10 Unknown (Fictional) Facts About The (Chinese) Lunar New Year

10. Ayn Rand brought Chinese New Year's celebrations to North America, but promoted the idea that the celebration could happen whenever one felt was necessary. Of course, this naturally lead to a Chinese New Year's every single month, which initially sounded like a grand idea. It became clear that Rand felt every feast should have a philosophical speech before every single dish (typically, there were 9 courses at the feast). While everyone liked the idea of a feast/celebration that spanned over a week, no one seemed to enjoy a feast that consisted of 5 hours of ranting before being able to have 5 minute of eating a cold plate of lobster or shark fin soup. Needless to say, Rand's vision died rather quickly.

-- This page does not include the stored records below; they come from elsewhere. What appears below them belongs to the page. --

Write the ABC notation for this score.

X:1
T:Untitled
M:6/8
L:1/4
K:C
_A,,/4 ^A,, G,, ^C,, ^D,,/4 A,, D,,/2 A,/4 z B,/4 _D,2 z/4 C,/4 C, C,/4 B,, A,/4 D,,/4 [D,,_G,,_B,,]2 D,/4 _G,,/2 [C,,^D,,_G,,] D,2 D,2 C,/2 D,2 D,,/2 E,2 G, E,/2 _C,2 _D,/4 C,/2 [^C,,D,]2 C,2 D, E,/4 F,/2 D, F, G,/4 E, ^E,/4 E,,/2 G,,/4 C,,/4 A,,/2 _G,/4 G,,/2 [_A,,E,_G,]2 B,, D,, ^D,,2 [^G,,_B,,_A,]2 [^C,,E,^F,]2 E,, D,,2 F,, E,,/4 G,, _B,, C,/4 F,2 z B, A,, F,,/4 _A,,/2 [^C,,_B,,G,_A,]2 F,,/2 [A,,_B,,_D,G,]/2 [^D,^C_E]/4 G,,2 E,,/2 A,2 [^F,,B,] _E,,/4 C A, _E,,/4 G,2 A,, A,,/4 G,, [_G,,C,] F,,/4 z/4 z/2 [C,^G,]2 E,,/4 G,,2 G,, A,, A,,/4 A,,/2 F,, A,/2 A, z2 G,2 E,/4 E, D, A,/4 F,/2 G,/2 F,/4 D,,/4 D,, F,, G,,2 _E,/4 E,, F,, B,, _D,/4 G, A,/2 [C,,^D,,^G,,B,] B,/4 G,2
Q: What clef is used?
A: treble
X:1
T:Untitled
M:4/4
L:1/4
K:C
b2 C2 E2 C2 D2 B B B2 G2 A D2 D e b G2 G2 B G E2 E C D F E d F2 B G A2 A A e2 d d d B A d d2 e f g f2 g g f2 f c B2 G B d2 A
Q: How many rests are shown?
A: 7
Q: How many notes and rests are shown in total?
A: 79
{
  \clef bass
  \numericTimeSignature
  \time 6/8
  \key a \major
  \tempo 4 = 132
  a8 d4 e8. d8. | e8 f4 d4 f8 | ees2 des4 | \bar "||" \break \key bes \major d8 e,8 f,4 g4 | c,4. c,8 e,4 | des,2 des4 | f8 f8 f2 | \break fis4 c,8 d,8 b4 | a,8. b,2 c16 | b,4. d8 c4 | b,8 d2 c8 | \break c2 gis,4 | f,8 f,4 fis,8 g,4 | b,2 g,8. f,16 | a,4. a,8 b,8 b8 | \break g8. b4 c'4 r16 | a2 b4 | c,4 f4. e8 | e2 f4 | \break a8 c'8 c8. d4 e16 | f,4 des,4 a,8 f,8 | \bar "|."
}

9. Almost everyone loves Chinese New Year's celebrations, but oddly, most find the need to celebrate again about 15 minutes after it is over.

8. W.C. Fields protested the celebration of anything new and instead, promoted the idea of a Chinese Old Year celebration. Though it largely consisted of him getting drunk while only wearing his briefs, and yelling about those 'Damn Kids, walking on my lawn.' So basically, it was like every other day of his life.

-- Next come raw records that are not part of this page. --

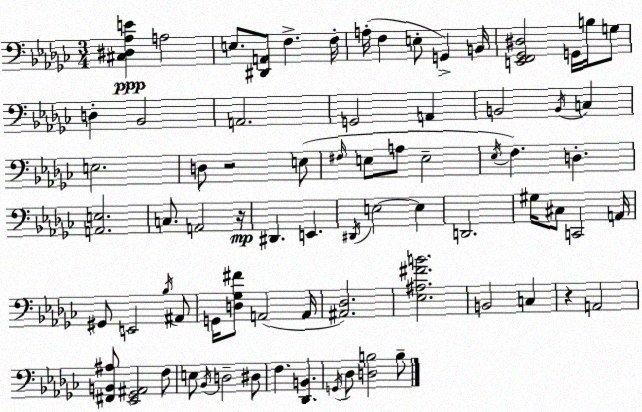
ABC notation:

X:1
T:Untitled
M:3/4
L:1/4
K:Ebm
[^C,^D,_A,E] A,2 E,/2 [^D,,A,,]/2 F, F,/4 A,/4 F, E,/2 G,, B,,/4 [E,,F,,_G,,^D,]2 G,,/4 B,/4 G,/2 D, _B,,2 A,,2 G,,2 A,, B,,2 B,,/4 C, E,2 D,/2 z2 E,/2 ^F,/4 E,/2 A,/2 E,2 _E,/4 F, D, [A,,E,]2 C,/2 A,,2 z/4 ^D,, E,, ^D,,/4 E,2 E, D,,2 ^G,/4 ^C,/2 C,,2 A,,/4 ^G,,/2 E,,2 _B,/4 ^A,,/2 G,,/4 [D,_G,^F]/2 A,,2 A,,/4 [^A,,_D,]2 [_E,^A,^FB]2 B,,2 C, z A,,2 [^F,,B,,^A,]/2 [_E,,_G,,^A,,]2 F,/2 E,/2 _B,,/4 D,2 ^D,/2 F, [_D,,B,,] G,,/4 _D,/2 [D,B,]2 B,/2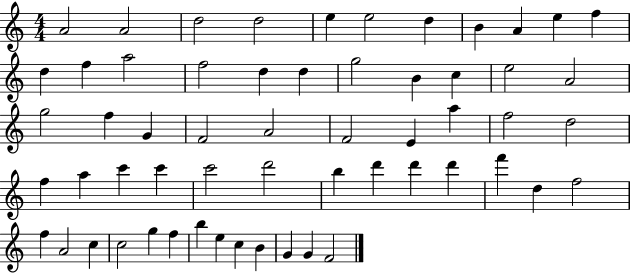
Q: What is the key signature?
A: C major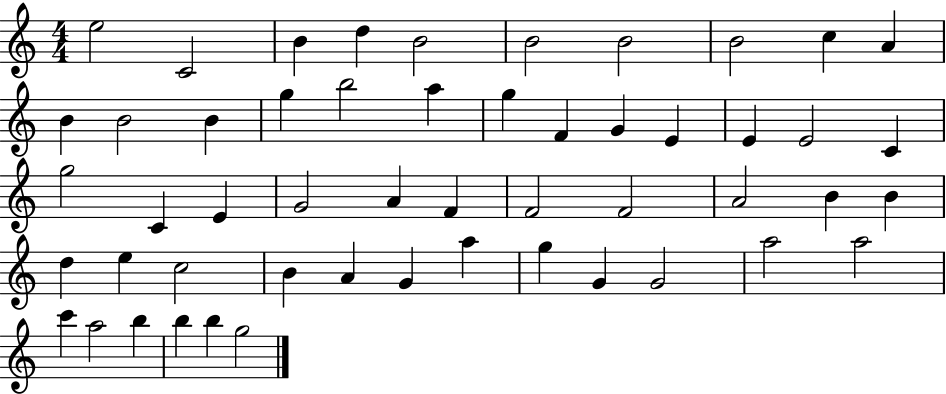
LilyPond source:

{
  \clef treble
  \numericTimeSignature
  \time 4/4
  \key c \major
  e''2 c'2 | b'4 d''4 b'2 | b'2 b'2 | b'2 c''4 a'4 | \break b'4 b'2 b'4 | g''4 b''2 a''4 | g''4 f'4 g'4 e'4 | e'4 e'2 c'4 | \break g''2 c'4 e'4 | g'2 a'4 f'4 | f'2 f'2 | a'2 b'4 b'4 | \break d''4 e''4 c''2 | b'4 a'4 g'4 a''4 | g''4 g'4 g'2 | a''2 a''2 | \break c'''4 a''2 b''4 | b''4 b''4 g''2 | \bar "|."
}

7. It actually originated in Poland, and really had nothing to do with the New Year. Instead, it was an opportunity for a bunch of guys to throw stuff at the moon and dress up in their favourite Dragon costumes sewn by their mothers. Despite the longstanding beliefs, these men were not 12 years old, but did think jobs were for suckers and enjoyed making pillow forts in their parents basements. I believe a few of them ended up migrating to a region known as Slum Haus.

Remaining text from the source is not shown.